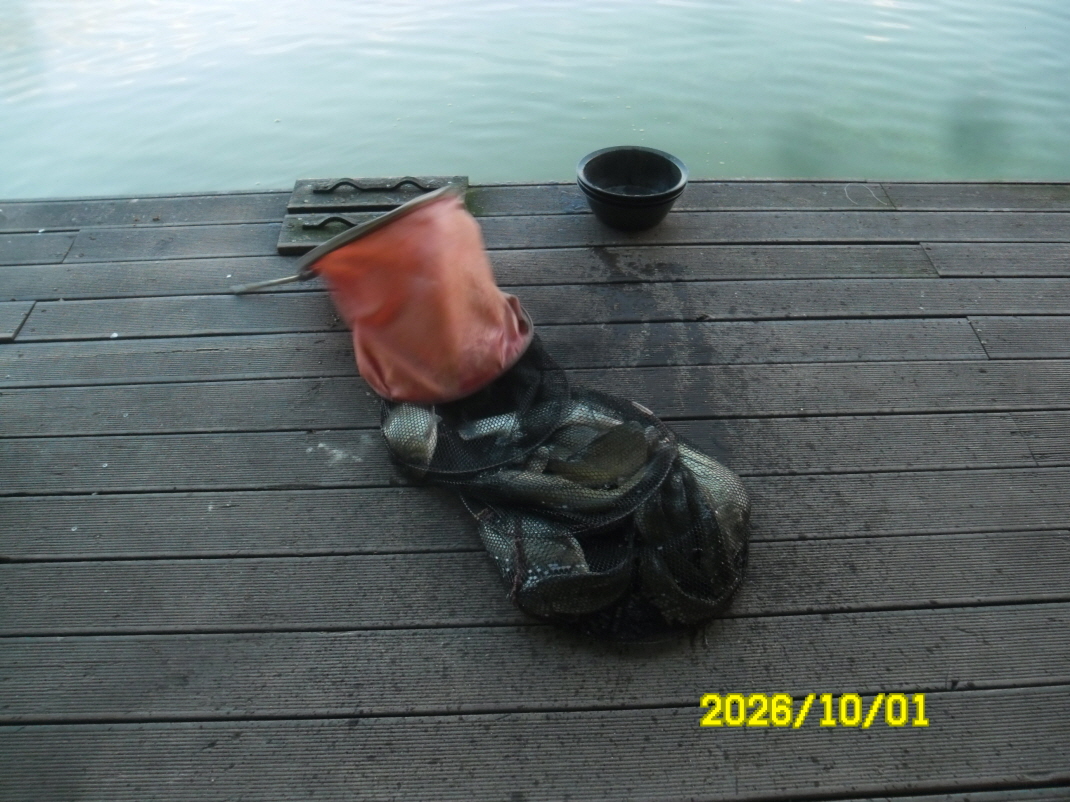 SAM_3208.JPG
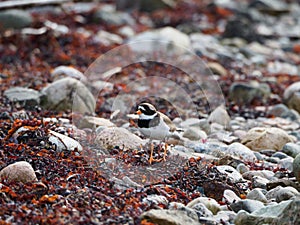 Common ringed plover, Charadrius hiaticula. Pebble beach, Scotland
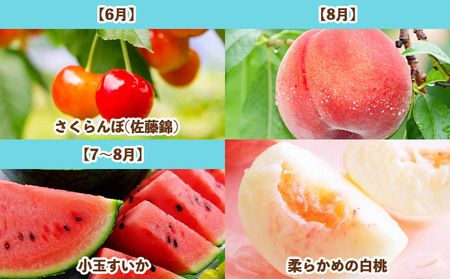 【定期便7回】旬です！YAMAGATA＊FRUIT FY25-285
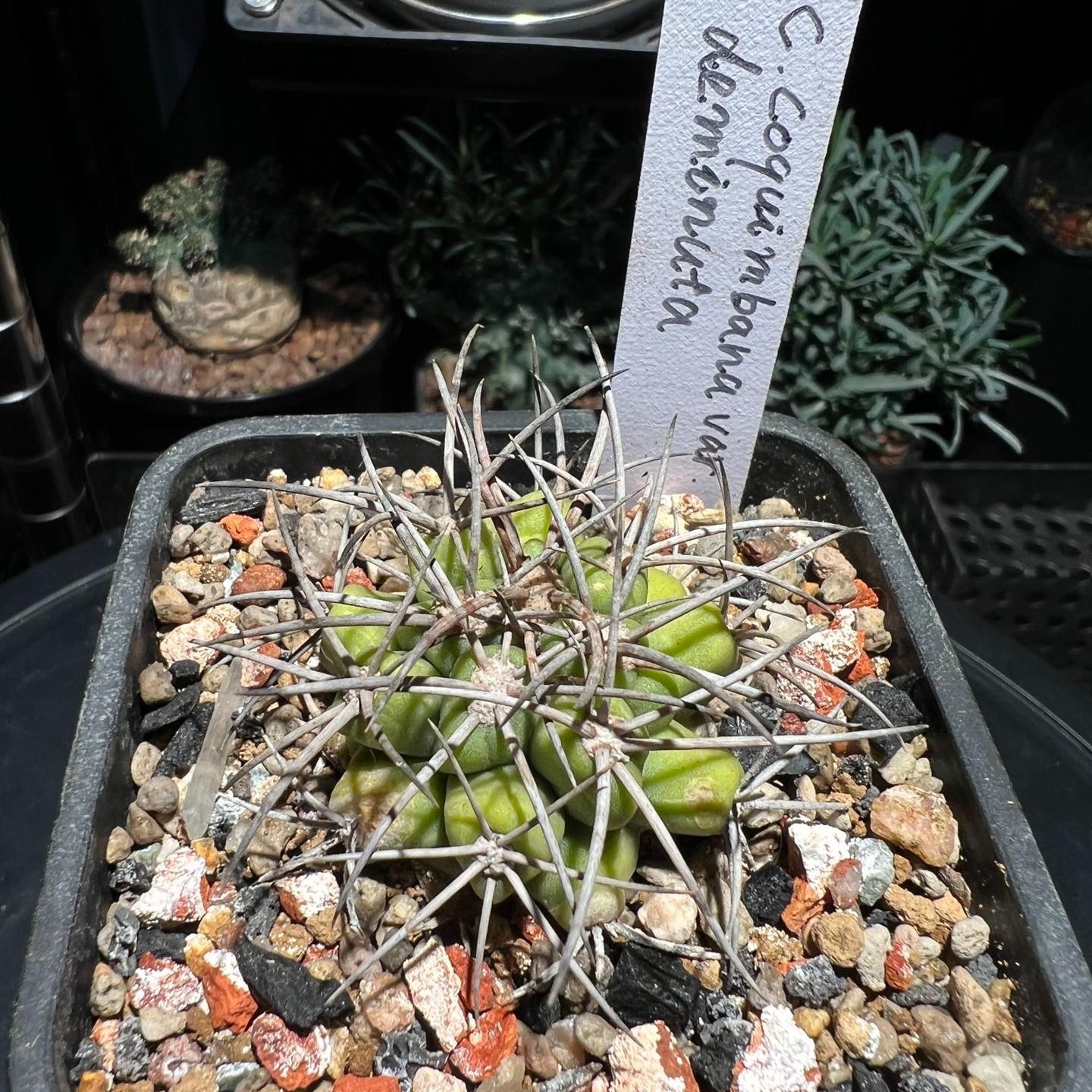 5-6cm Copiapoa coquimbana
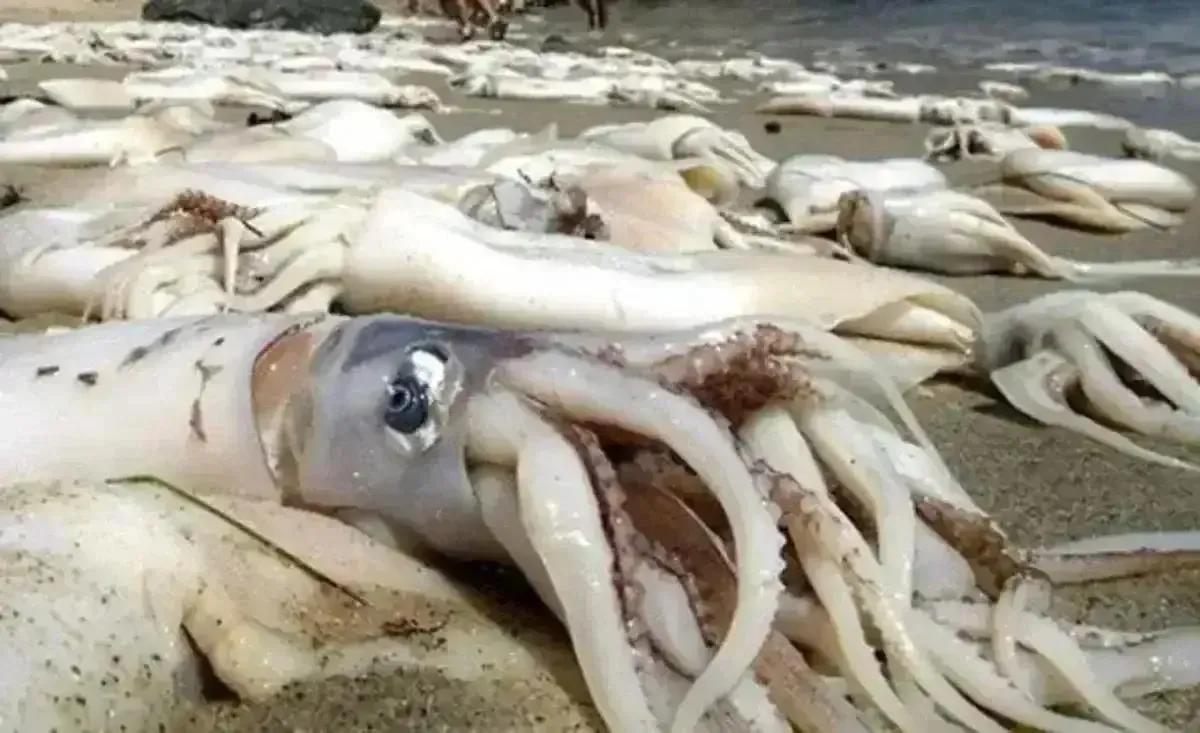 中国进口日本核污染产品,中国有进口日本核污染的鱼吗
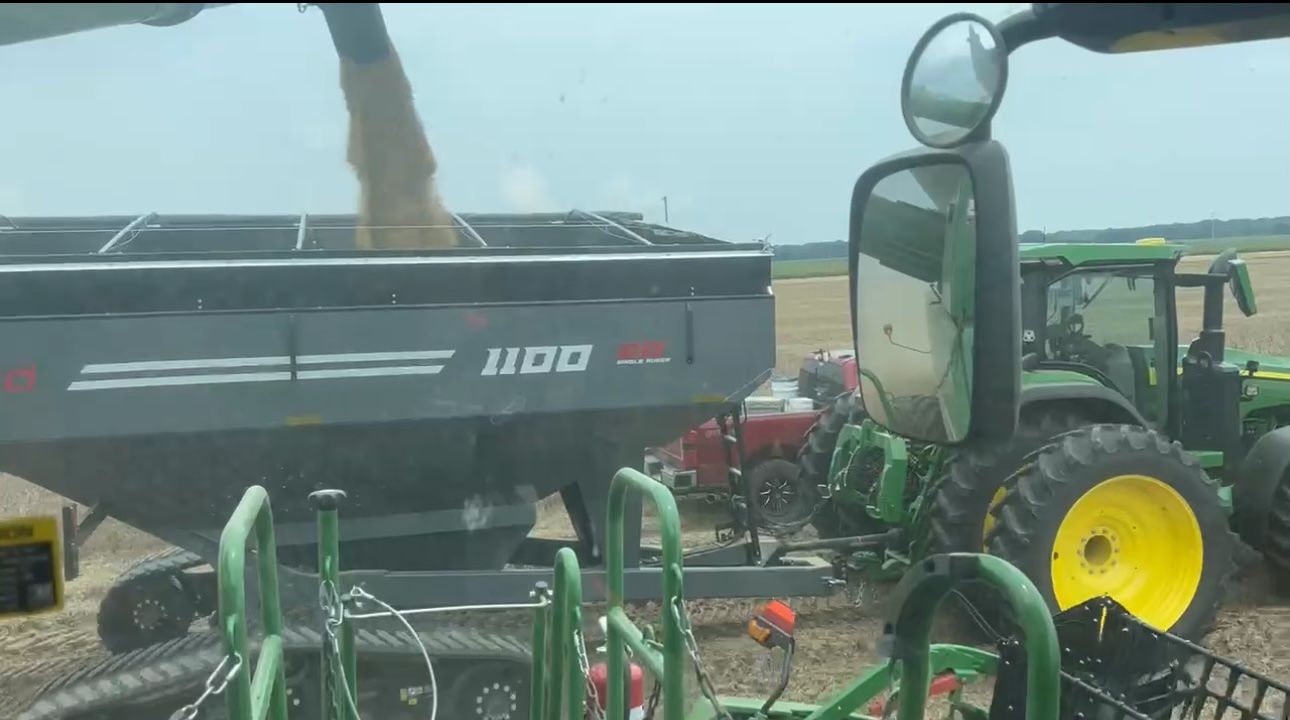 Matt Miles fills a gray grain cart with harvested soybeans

_Aim of the exercise_: Give the material again exactly as it is, but keep the pictures out.

_Final answer_:
 SAM_3208.JPG
 Common ringed plover, Charadrius hiaticula. Pebble beach, Scotland
 【定期便7回】旬です！YAMAGATA＊FRUIT FY25-285
 5-6cm Copiapoa coquimbana
 中国进口日本核污染产品,中国有进口日本核污染的鱼吗
 Matt Miles fills a gray grain cart with harvested soybeans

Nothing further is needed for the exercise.